Asror ıssız bir yerde durdu. Bu bölge Kabil’e yabancı geliyordu. Şaşkınlıkla etrafına bakındı… Sonunda Asror ona kaba bir ses tonuyla hitap etti:
– Hey oğlum, Camila ile nasıl bir ilişkiniz var?
– Kardeşim, senden beni “dürtmemeni” istiyorum. Henüz birbirimizi gerçekten tanımak için zamanımız olmadı ve sen zaten “dürtüyorsun”. Bu sana yakışmıyor.
– Bana öğretme, enayi bebek! Ne umuyorsun? Kimin kızı olduğunu biliyor musun? Arkadaşım boşuna uğraşıyorsun. Kolların benimle rekabet edecek kadar kısa. Derler ki: “Bacaklarını elbiselerinin üzerine uzat” dedi Asror ve yumruğuyla Kabil’in yüzüne vurdu.
Kabil bir süre dengesini kaybetti ve hendeğe düştü. Asror, Kabil’e koştu, yakasından kaldırdı ve sağ diziyle karnına vurdu. Adam eğilip karnını tuttuğunda, Asror sol dizini çenesinin altına koyarken boynuna vurdu.
Kabil’in burnu kanıyordu. Buna rağmen geçmedi, boyun eğmedi, zayıflık göstermedi, tam tersine daha da sinirlendi. Tüm gücünü iki yumruğunda toplayarak piç kurusuna bir ders vermeye karar verdi. O bir karatekaydı. Sağ bacağını arkadan kaldırarak rakibinin sağ kulağına sert vurdu.
Asror yolun kenarına düştüğünü fark etmedi. Acı içinde inliyordu ve ayağa kalkmak üzereyken Kabil birkaç güçlü tekme daha attı. Asror iliklerine kadar dövüldü.
O sırada bir yerden bir polis arabası geldi. Her ikisini de ele geçiren milisler, onları güçlü noktaya götürdü …
* * *
Telefon çaldığında Maksud televizyon izliyordu. Yavaşça telefonu aldı. Hattın diğer ucunda, Alimov ailesinden birinin acilen karakola gönderilmesini isteyen bir bölge müfettişi vardı. Maksud başlangıçta şaşkınlıkla şaşırdı. Ancak aldığı haberi aileye haber vererek rahatsız etmedi. Sessizce arabama bindim ve durağa geldim.
Küçük bir ofise girerken, köşede oturan Asror’u kanlar içinde gördü. Ve karşıda yine kanlı bir yüzle Kabil oturuyordu. Maksud elbette onu tanımıyordu.
Uzun bir sorgulamadan sonra, Maksud yine de yasa ve düzen savunucularını adamların gitmesine izin vermeye ikna etti ve onları yanına aldı. Asror arabasıyla geldi.

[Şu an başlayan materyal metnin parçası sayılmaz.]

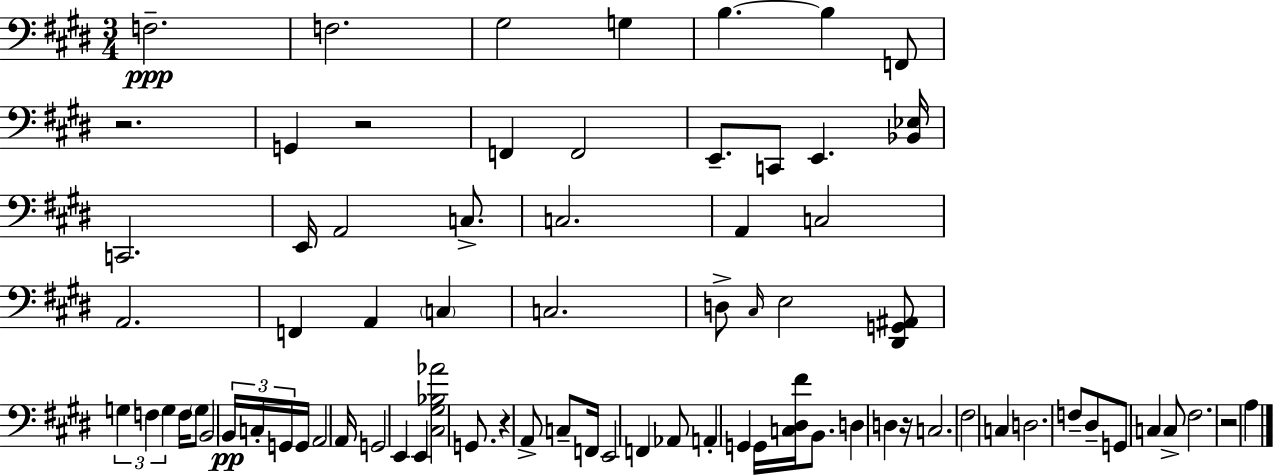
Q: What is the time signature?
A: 3/4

Kabil uzun süre onlarla gitmeyi kabul etmedi. İstasyondan doğruca hostele gitmek istiyordum. Ama Maksud gitmesine izin vermedi… “Zorba” eve şiş yüzlerle girdiğinde, Kamila ve büyükannesi Vasila-apa, koridordaki kanepede oturuyorlardı. Kız “beklenmeyen misafirleri” hatırlamaya çalıştı. Onlara yakın zamanda bir yerde tanışmış gibi geldi ve hırpalanmış yüzlerine şaşkınlıkla baktı. Sonra erkeklere yaklaştı. Onlara ne olduğunu sormak istedi. Ama ikisi de başları eğik duruyordu.